Data of ongoing transactions is stored in RAM. Transactions that get too big
(in terms of number of operations involved or the total size of data created or
modified by the transaction) will be committed automatically. Effectively this
means that big user transactions are split into multiple smaller RocksDB
transactions that are committed individually. The entire user transaction will
not necessarily have ACID properties in this case.
The following options can be used to control the RAM usage and automatic
intermediate commits for the RocksDB engine:
`--rocksdb.wal-file-timeout-initial` (Hidden)
Timeout after which deletion of unused WAL files kicks in after server start
(in seconds). Default: 180.0s
By decreasing this option's value, the server will start the removal of obsolete
WAL files earlier after server start. This is useful in testing environments that
are space-restricted and do not require keeping much WAL file data at all.
`--rocksdb.max-transaction-size`
Transaction size limit (in bytes).
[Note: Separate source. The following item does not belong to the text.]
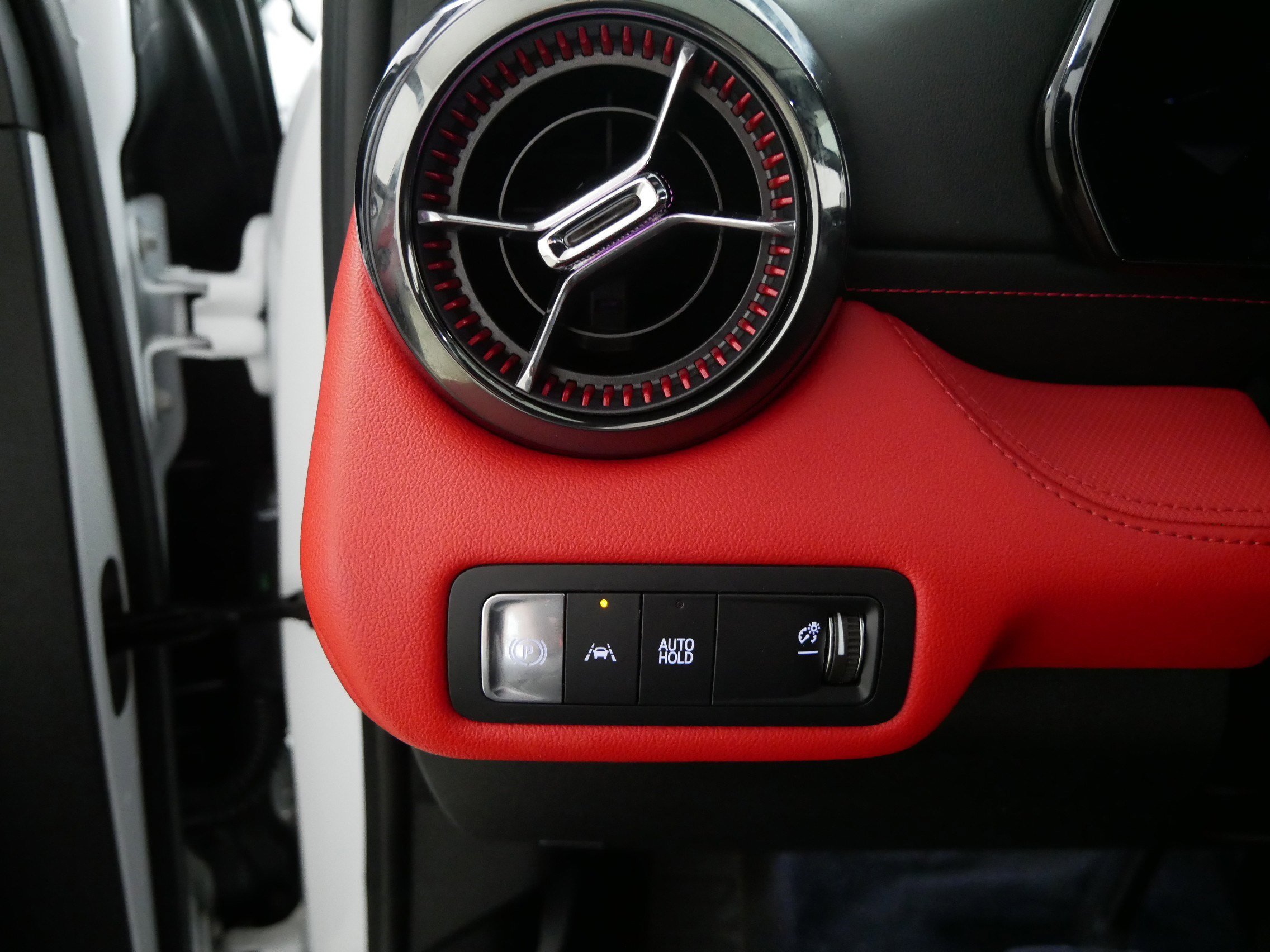 Certified 2024 Chevrolet Blazer EV RS image 26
Transactions store all keys and values in
RAM, so large transactions run the risk of causing out-of-memory situations.
This setting allows you to ensure that does not happen by limiting the size of
any individual transaction. Transactions whose operations would consume more
RAM than this threshold value will abort automatically with error 32 ("resource
limit exceeded").
`--rocksdb.intermediate-commit-size`
If the size of all operations in a transaction reaches this threshold, the
transaction is committed automatically and a new transaction is started. The
value is specified in bytes.
`--rocksdb.intermediate-commit-count`
If the number of operations in a transaction reaches this value, the transaction
is committed automatically and a new transaction is started.
`--rocksdb.throttle`
If enabled, throttles the ingest rate of writes if necessary to reduce chances
of compactions getting too far behind and blocking incoming writes. This option
is `true` by default.
`--rocksdb.sync-interval`
The interval (in milliseconds) that ArangoDB will use to automatically
synchronize data in RocksDB's write-ahead logs to disk. Automatic syncs will
only be performed for not-yet synchronized data, and only for operations that
have been executed without the *waitForSync* attribute.
Note: this option is not supported on Windows platforms. Setting the option to
a value greater 0 will produce a startup warning.
`--rocksdb.use-file-logging`
When set to *true*, enables writing of RocksDB's own informational LOG files into
RocksDB's database directory.
This option is turned off by default, but can be enabled for debugging RocksDB
internals and performance.
`--rocksdb.debug-logging`
When set to *true*, enables verbose logging of RocksDB's actions into the logfile
written by ArangoDB (if option `--rocksdb.use-file-logging` is off) or RocksDB's
own log (if option `--rocksdb.use-file-logging` is on).
This option is turned off by default, but can be enabled for debugging RocksDB
internals and performance.